The illicit consecration of four bishops by traditionalist Archbishop Marcel Lefebvre grieves the entire Roman Catholic community, the Most Rev. William K. Weigand, bishop of the Salt Lake diocese, said at a press conference this week.
Lefebvre, who has rebelled against the church's Second Vatican Council reforms of 1962-65, was excommunicated by Rome following the consecration ceremony held in Switzerland Thursday.A statement from the Vatican condemned the act as a schism, something unseen within the church for over 100 years.
Weigand said he was saddened by the choice Lefebvre made, accepting dismissal from the church instead of conforming to its doctrine.
"The archbishop sees the world from his own perspective," said diocese spokeswoman Sister Margaret Spechschulte. "The church doesn't try to silence its critics or say it isn't open to criticism, but this is canon law."

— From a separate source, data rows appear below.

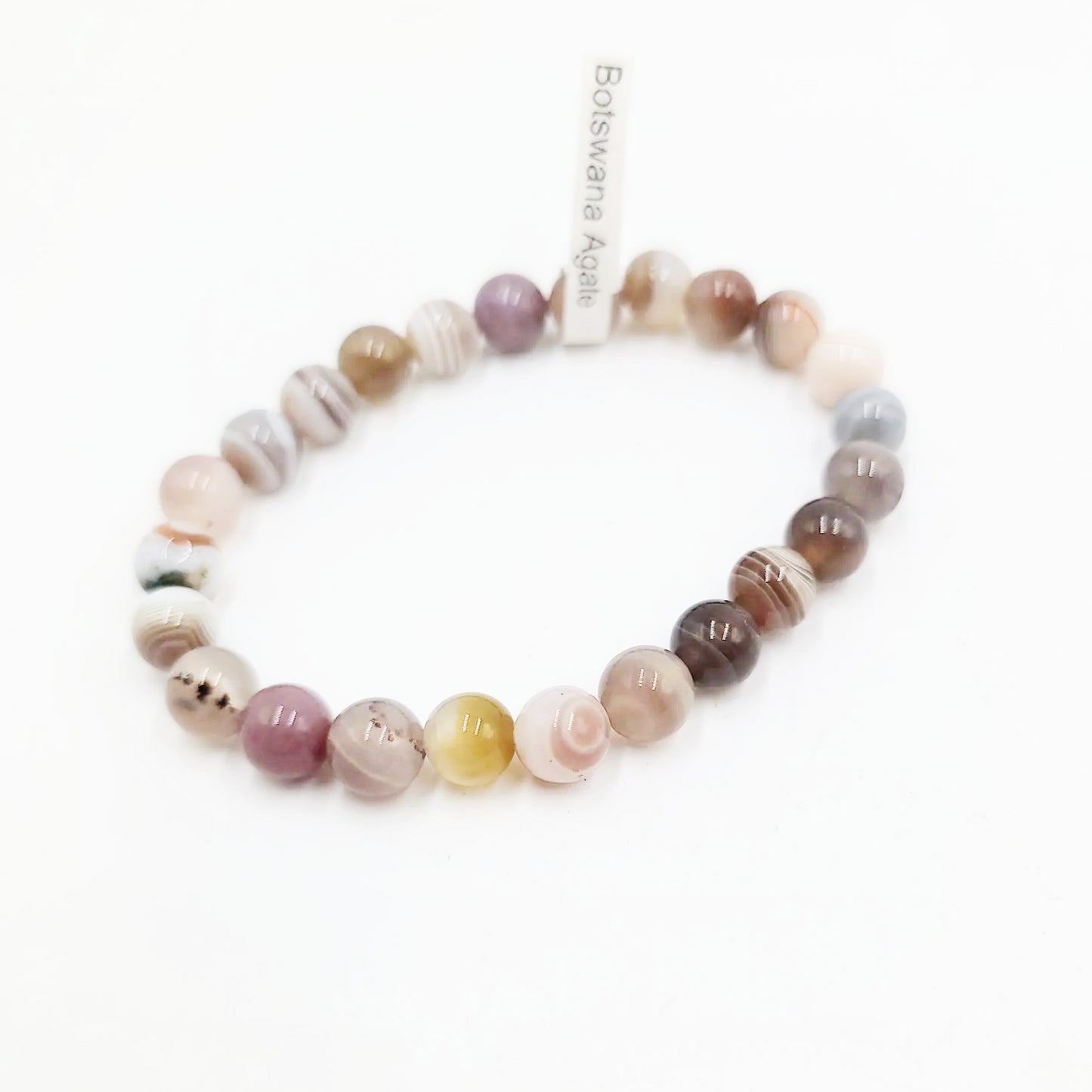 Botswana Agate Bracelet 8mm Bead Bracelet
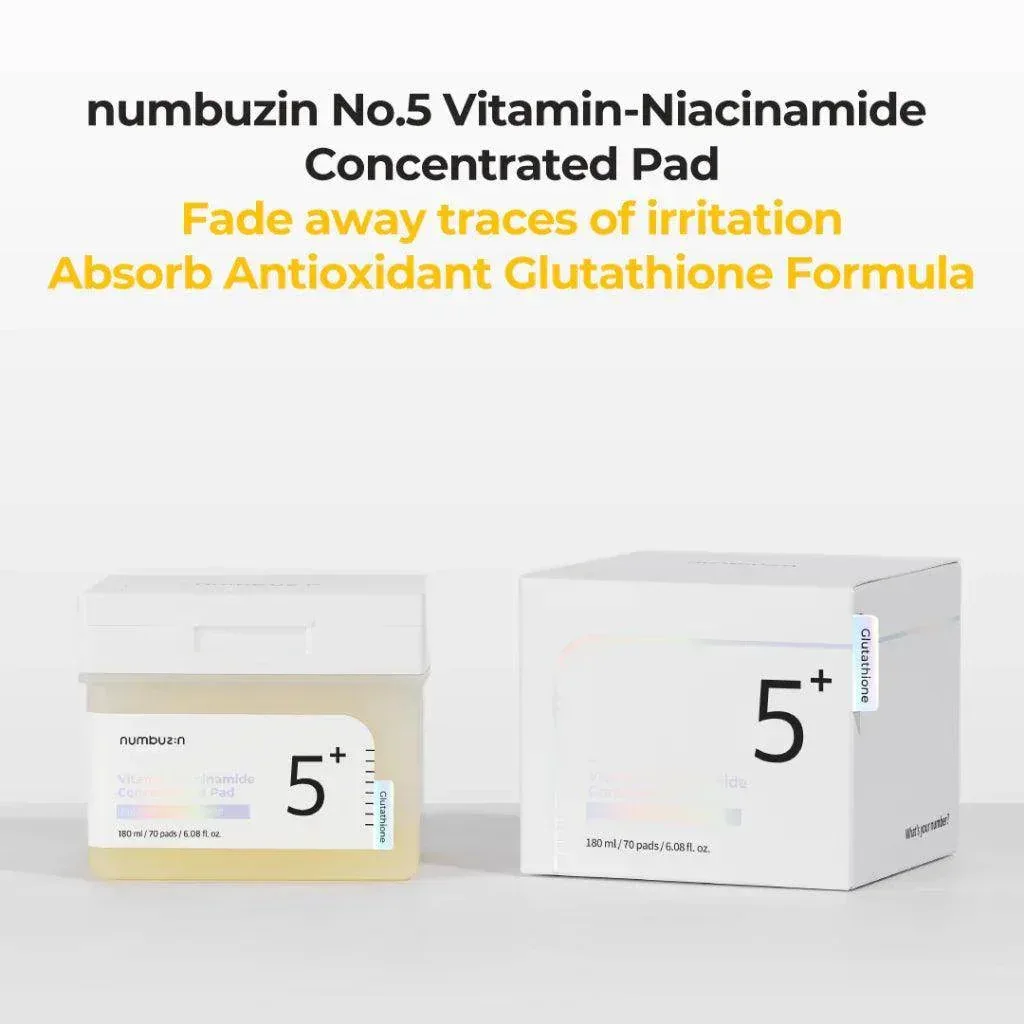 numbuzin No.5 Vitamin-Niacinamide Concentrated Pad 70ea 180ml - Image 4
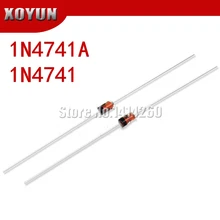 100 шт. 1 Вт 11 в 1N4741A 1N4741 DO-41 Диод Зенера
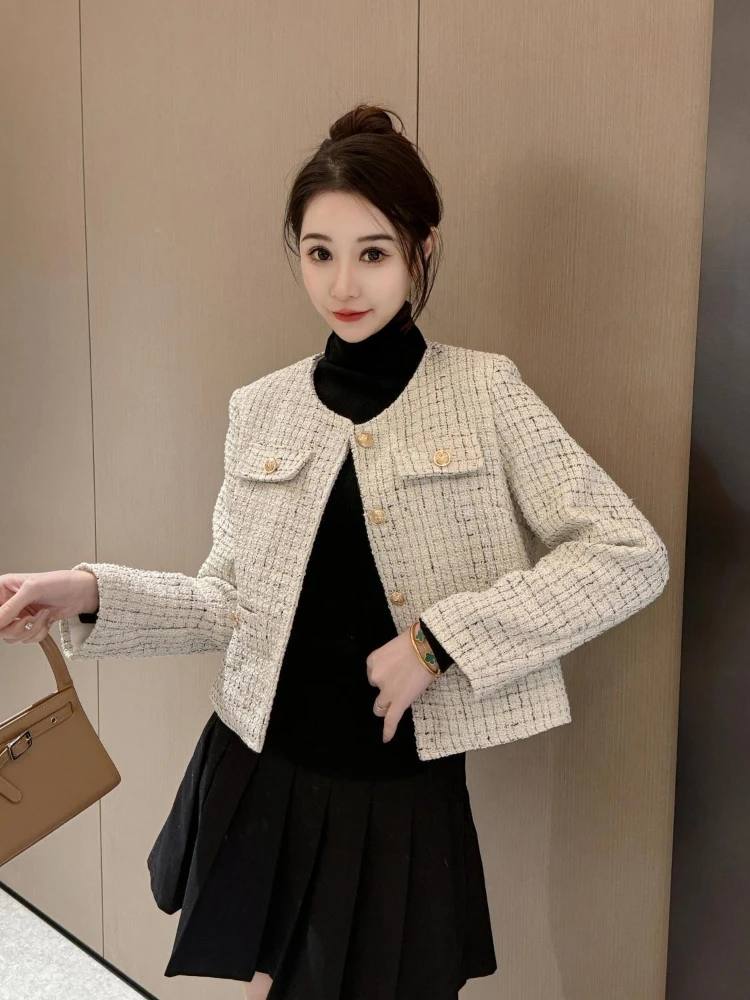Veste courte Vintage verte pour femmes, tendance printemps-automne, Design ajusté à la mode avec Style Noble
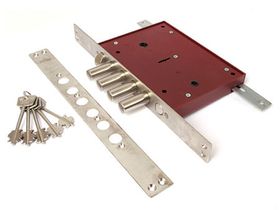 Замок врезной СУПЕР-КОНКУРЕНТ-РЗТ (б/р) ЛЕВ 1/16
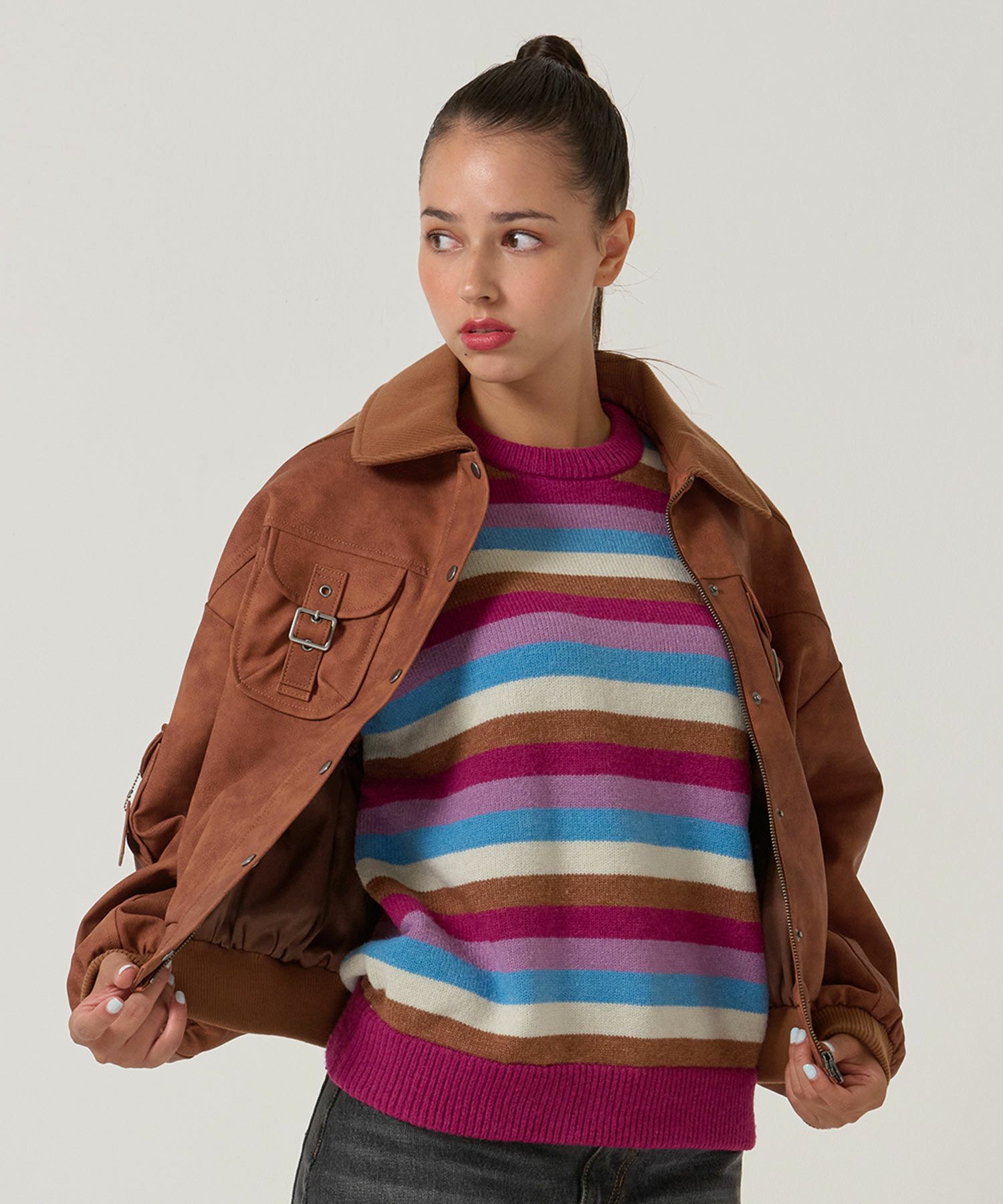 ボーダー/オーバーサイズ/ニット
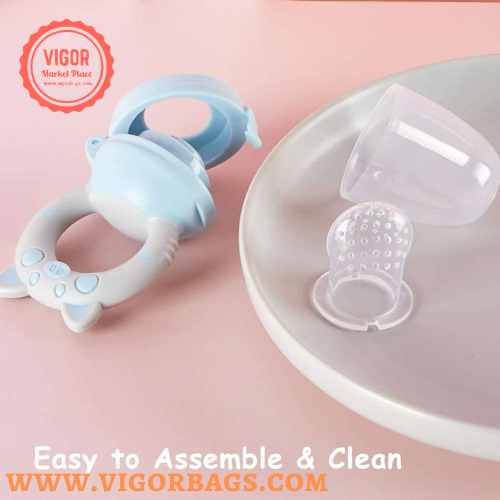 Baby Fruit Food Feeder Pacifier Infant Fruit Teething Teether Toy for 3-24 Month - MOQ 10 Pcs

The 82-year-old Lefevbre has spoken out in opposition of the modern Mass, celebrated in the local language, in favor of the 16th century Tridentine Latin rite. He also has rejected the church's formal recognition of other religious faiths.
The consecration of the bishops, along with the ordination of several priests, was an attempt by the aging archbishop to continue his traditionalist movement, he said in a homily prior to the ceremony.
Pope John Paul II sent Lefebvre a telegram Wednesday urging him to change his mind. Sister Margaret said the Vatican had attempted to avoid a break with the archbishop up until the final act of disobedience.
"This was the last straw," she said.